Se a Susa sono riuscite a prevalere, queste forze metropolitane hanno, peraltro, trascurato “i paesi di mezzo” geograficamente collocati in alta valle (Giaglione, Salbertrand e lo stesso Chiomonte), sulla carta (progettuale) destinati ai pesanti effetti di allargamento del cantiere strategico-militare della Maddalena, alla collocazione in area sondabile della “fabbrica dei conci di galleria”, al deposito dello smarino contaminato da fibre di amianto (della cui vena ormai gli stessi proponenti ammettono l’esistenza proprio tra Chiomonte e Susa)! Perché a Chiomonte ha se non altro vinto un “indigeno” autorevole ed esplicitamente critico quantomeno verso il modo in cui i proponenti il TAV hanno agito fino ad ora anche in paesi come il suo (dove tutti gli ultimi primi cittadini avevano consegnato le chiavi del municipio alle società di progettazione e realizzazione della galleria di base: LTF prima e TELT poi): l’ingegner Garbati che con passo da montanaro ha salito tutta la piramide dell’IREN (la grande finanziaria di gestione di centrali elettriche) fino a diventarne amministratore delegato!
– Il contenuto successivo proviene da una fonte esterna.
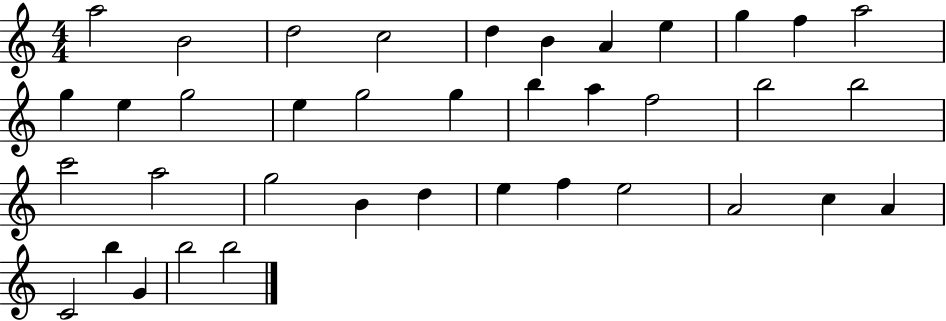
{
  \clef treble
  \numericTimeSignature
  \time 4/4
  \key c \major
  a''2 b'2 | d''2 c''2 | d''4 b'4 a'4 e''4 | g''4 f''4 a''2 | \break g''4 e''4 g''2 | e''4 g''2 g''4 | b''4 a''4 f''2 | b''2 b''2 | \break c'''2 a''2 | g''2 b'4 d''4 | e''4 f''4 e''2 | a'2 c''4 a'4 | \break c'2 b''4 g'4 | b''2 b''2 | \bar "|."
}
Ma soprattutto perché le amministrazioni uscenti di Salbetrand e Giaglione – dichiaratamente disponibili a concedere ogni genere di servitù a TELT – sono state sconfitte da liste composte da numerosi attivisti No TAV e guidate da primi cittadini che come minimo vorranno rendersi conto del cosa e del come prima di accettare una pesante eredità “senza il beneficio di inventario” come si dice nel diritto civile…
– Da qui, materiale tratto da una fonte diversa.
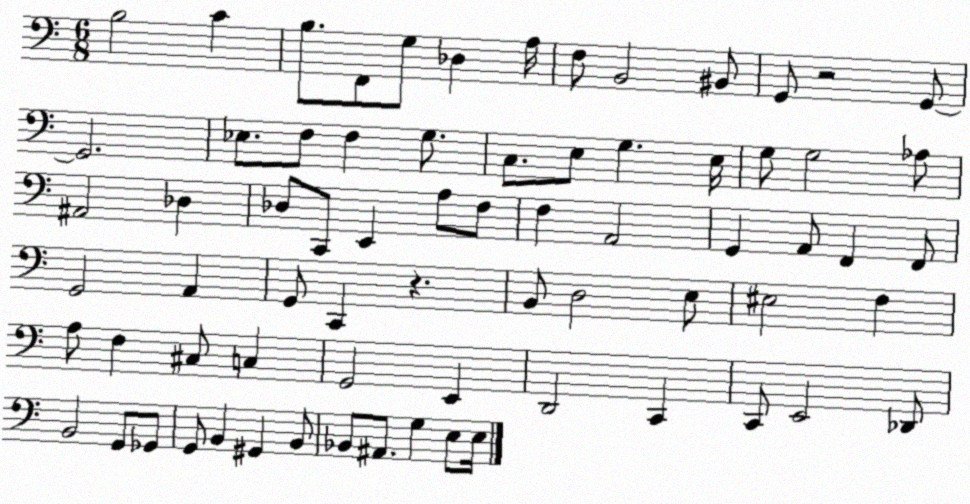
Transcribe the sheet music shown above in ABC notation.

X:1
T:Untitled
M:6/8
L:1/4
K:C
B,2 C B,/2 F,,/2 G,/2 _D, A,/4 F,/2 B,,2 ^B,,/2 G,,/2 z2 G,,/2 G,,2 _E,/2 F,/2 F, G,/2 C,/2 E,/2 G, E,/4 G,/2 G,2 _A,/2 ^A,,2 _D, _D,/2 C,,/2 E,, A,/2 F,/2 F, A,,2 G,, A,,/2 F,, F,,/2 G,,2 A,, G,,/2 C,, z B,,/2 D,2 E,/2 ^E,2 F, A,/2 F, ^C,/2 C, G,,2 E,, D,,2 C,, C,,/2 E,,2 _D,,/2 B,,2 G,,/2 _G,,/2 G,,/2 B,, ^G,, B,,/2 _B,,/2 ^A,,/2 G, E,/2 E,/4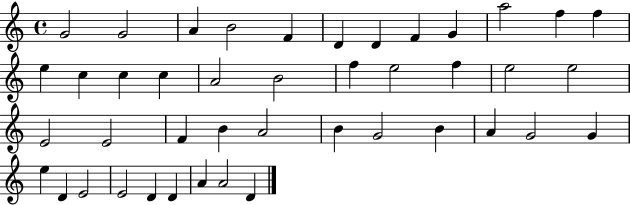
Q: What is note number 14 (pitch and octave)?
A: C5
Se a pensar male ci si coglie il cantiere-groviera di Val Clarea potrebbe traslocare nella sua collocazione primitiva, proprio a Susa. In tal caso sarà interessante assistere all’esplosione delle contraddizioni tra freschi eletti e ustionabili elettori, qualora ciò fosse nelle intenzioni prossime di chi ha investito su Susa e trascurato i paesi destinati a “cantiere alternativo” motivato da scelte non tecniche ma di “ordine pubblico”…
È chiaro a questo punto, anche alla luce del voto amministrativo disgiunto, che dietro alla pretesa di identificare il voto europeo (anzi, anti-europeo!) dato alla Lega con una scelta Sì TAV c’è un imbroglio vecchio di 30 anni. All’inizio dei quali – esattamente come adesso – tutti i partiti (DC, PCI, PSI, PRI, PLI, PSDI) erano favorevoli al TAV e il movimento di opposizione era solo contro tutti, salvo Verdi e Rifondazione Comunista, poi ricattati da dodecaloghi e false promesse che ci lasciarono completamente soli (come capiterà probabilmente oggi con quel che resta dei 5stelle). Ragion per cui nessuna persona di buon senso avrebbe scommesso un bottone che 30anni dopo saremmo ancora stati qui, senza “governi amici”!
Allora, dunque, come adesso, con una non trascurabile differenza: il ribadire le ragioni del no non più a una nuova ferrovia ad Alta velocità di 280 km da Torino a Lione (dieci gallerie una dietro l’altra!), ma a quel poco (se possibile ancor più inutile) che ne rimane: il suo tratto più duro a morire (per le cambiali da onorare da parte di chi lo ha promesso a chi lo vuol realizzare), cioè il tunnel di valico di 57 chilometri.